A few years ago, I was fortunate enough to get to see one of my idols live when I saw Robin Williams in The Bengal Tiger and the Baghdad Zoo” (It easily became one of the best plays I’d ever seen, I highly suggest reading it.)
And I remember being so blown away by Williams’ performance, mainly due to the fact that I could never imagine him in such a heavy piece (having only grew up with his comedies). The thing I love best about The Tiger though is the way he’s a type of dark-comedic relief in this raging, violent, godforsaken war and time. Looking back on that, it’s sort of reflective of how in our own, sometimes sad, lives, he was there as a source of laughter. And I hope he provided himself with the same in his own trying times, and I’m deeply sorry that it didn’t seem to be enough.
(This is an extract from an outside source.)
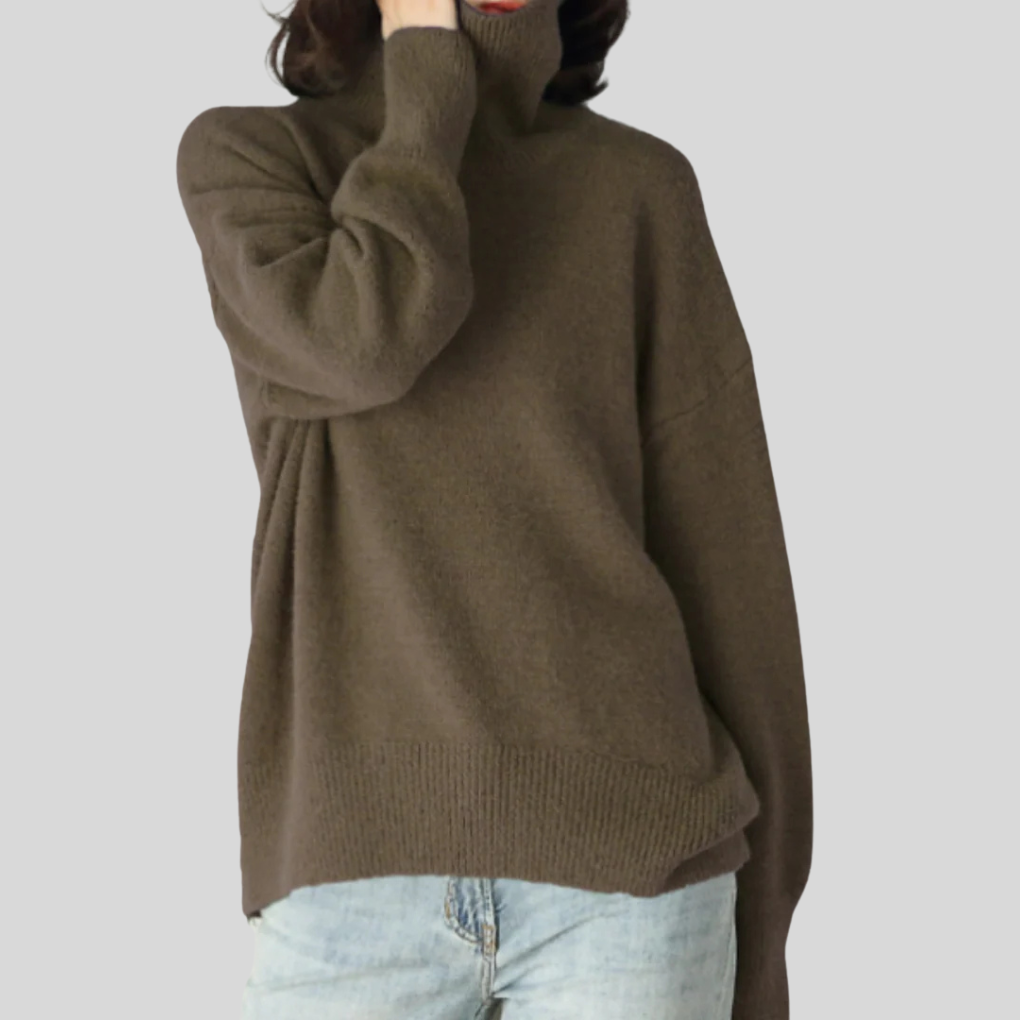 Maglione dolcevita moderno da donna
My favorite part of the show, though, was after the curtain call; there was an auction, led by Robin himself. And I remember being in stitches laughing along with this man and all his banter, not a character he’s portraying. Being there live, and getting to see him perform, AND talk to us all as himself was too incredible. It felt like meeting him, briefly and indirectly. And I’m just very grateful I got to see him live, I wish I’d cherishes it more at the time. I should have stagedoored. He’s one of my favorite actors, I’ve loved everything I’ve seen him in; he’s always meant so much. And it feels very strange losing someone so delightful, uplifting, and talented. It’s very haunting.